The term “Data” refers to both qualitative and quantitative information necessary to reproduce research results. This includes primary data, such as raw experimental results; secondary data, like derived analytical values, and the software code used to derive those values. Data also includes images and videos used for conducting analyses. When quantitative analysis is performed on images, these images are considered raw data, and the resulting numerical values are considered processed data.
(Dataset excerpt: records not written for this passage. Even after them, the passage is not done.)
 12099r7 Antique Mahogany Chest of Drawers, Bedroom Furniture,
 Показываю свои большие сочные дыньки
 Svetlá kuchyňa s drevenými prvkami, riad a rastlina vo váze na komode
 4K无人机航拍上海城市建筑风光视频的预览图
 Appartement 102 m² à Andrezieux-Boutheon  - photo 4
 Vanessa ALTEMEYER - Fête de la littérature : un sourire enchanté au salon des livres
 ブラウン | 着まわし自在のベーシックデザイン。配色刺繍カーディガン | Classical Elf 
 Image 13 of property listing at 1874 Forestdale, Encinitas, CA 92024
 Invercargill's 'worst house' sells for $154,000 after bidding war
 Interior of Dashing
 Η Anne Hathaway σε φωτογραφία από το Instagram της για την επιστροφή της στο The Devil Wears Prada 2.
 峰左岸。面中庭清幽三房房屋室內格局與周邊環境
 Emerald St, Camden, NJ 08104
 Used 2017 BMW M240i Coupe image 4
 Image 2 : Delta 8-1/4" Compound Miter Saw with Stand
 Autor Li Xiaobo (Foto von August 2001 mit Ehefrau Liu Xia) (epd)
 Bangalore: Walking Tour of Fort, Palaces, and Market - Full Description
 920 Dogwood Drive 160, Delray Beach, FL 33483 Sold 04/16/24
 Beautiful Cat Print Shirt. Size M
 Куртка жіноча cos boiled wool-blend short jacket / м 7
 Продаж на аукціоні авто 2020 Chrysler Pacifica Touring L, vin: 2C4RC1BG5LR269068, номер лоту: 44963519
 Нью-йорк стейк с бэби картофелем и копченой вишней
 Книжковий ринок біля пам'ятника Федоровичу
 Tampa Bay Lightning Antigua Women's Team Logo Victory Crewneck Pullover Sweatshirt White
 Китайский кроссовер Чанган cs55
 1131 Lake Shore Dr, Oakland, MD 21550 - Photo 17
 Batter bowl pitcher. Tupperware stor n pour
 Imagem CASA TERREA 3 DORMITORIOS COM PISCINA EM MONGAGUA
Images and videos used solely for illustrative purposes are excluded.

Sampling framework and selection process

Research groups within the biosciences at the University of Edinburgh were selected for study, based on the educational interests of five student researchers. 57 groups were selected from the University’s public research websites in the following areas: Non-Communicable Diseases (NCDs), Infectious Diseases and their treatments (InfD), Microbial Biotechnology (BioTech), Stem Cells and Regeneration (SRM). In each area, all research groups in the School of Biological Sciences were selected. Of the 57 research groups included in the study, 17 were based in the College of Medicine, not in the School of Biological Sciences, but focused on similar research areas. This allowed each student to score and analyse around 100 articles within their project time limit.

Articles were retrieved from the University of Edinburgh’s public-facing research portal, Edinburgh Research Explorer (https://www.research.ed.ac.uk/) [26], This portal is powered by the Elsevier Pure system and serves as a curated institutional research information system, designed to ensure the visibility, discoverability, and accessibility of all research outputs affiliated with the University of Edinburgh. This system is required for the University to fulfill our UK funder’s Open Access mandate [24]. Article deposit is mandatory (including imports from Scopus, ORCID, PubMed and other sources). Deposits and authors’ affiliations to the University are manually curated by support staff. The system’s coverage of research articles is very high, because the University’s core funding depends upon it.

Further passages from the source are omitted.